Playing to type as someone who is bad at remembering birthdays, and often sends out good will messages a day or so after the event, here’s a piece I wrote about Paul McCartney, whose birthday was yesterday (thinking about it, I could have pretended to have been making a thing about “Yesterday”, couldn’t I?). So, bearing in mind that one of Macca’s greatest songs is titled “Yesterday” and is largely about things that happened the day before the song is being sung (isn’t it?), here is my tribute to the great man.
Happy Birthday, Paul.
For yesterday.
When all your troubles seemed to far away.
This article was originally written in 2022, to mark Sir Paul McCartney’s 80th birthday.
Paul McCartney was my first gig. Earl’s Court, September 14th, 1993. I was fourteen years old, and my dad treated me, presumably to provide some kind of apex to my ongoing Beatles obsession. It worked. The band were in my bloodstream. I had, until my dad bought me a guitar for my thirteenth birthday, spent many an evening after school singing along to Beatles records with my tennis racket standing in for a Rickenbacker (I hit more woooooos with that racket than I ever did tennis balls, no doubt about that).
So, yes, Paul McCartney, in 1993, was my first gig. It’s strange to imagine it now, but for a long time that was not the coolest thing in the fucking world.

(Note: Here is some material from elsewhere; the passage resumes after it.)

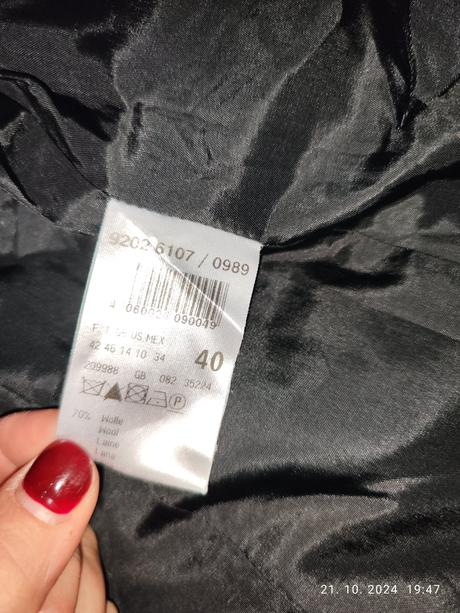 Vlnený kabát 70 percent vlna, l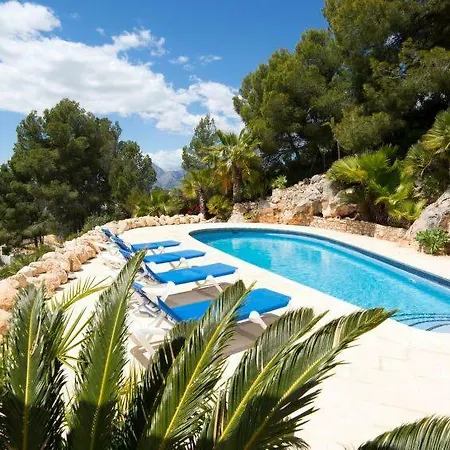 Villa Blanca *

In the nineties, McCartney’s stock was low amongst a generation of music writers and music makers. That he hadn’t made a decent album in over a decade was the least of his problems. Nobody ever dared diss The Beatles (apart from Jarvis Cocker, I remember, who was once quoted in a music monthly mischievously claiming Sgt Pepper… was the worst album ever made), but the solo work of the surviving members was the music of a different generation to the arbiters of cool who had found and founded their platforms in the indie post-punk revolutions of the 1980s.

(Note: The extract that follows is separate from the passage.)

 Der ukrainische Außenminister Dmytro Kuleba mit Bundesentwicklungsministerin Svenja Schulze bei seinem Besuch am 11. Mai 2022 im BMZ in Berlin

And few at the cool table were ever going to forgive McCartney for the frog chorus, a crime many had viewed as usurping “Mull of Kintyre” in the short but potent list of McCartney’s crimes against culture. Also not cool in 1993: vegetarianism. Again, difficult to believe in this day and age, but McCartney’s devotion to animal rights made him the focus of much mockery for decades.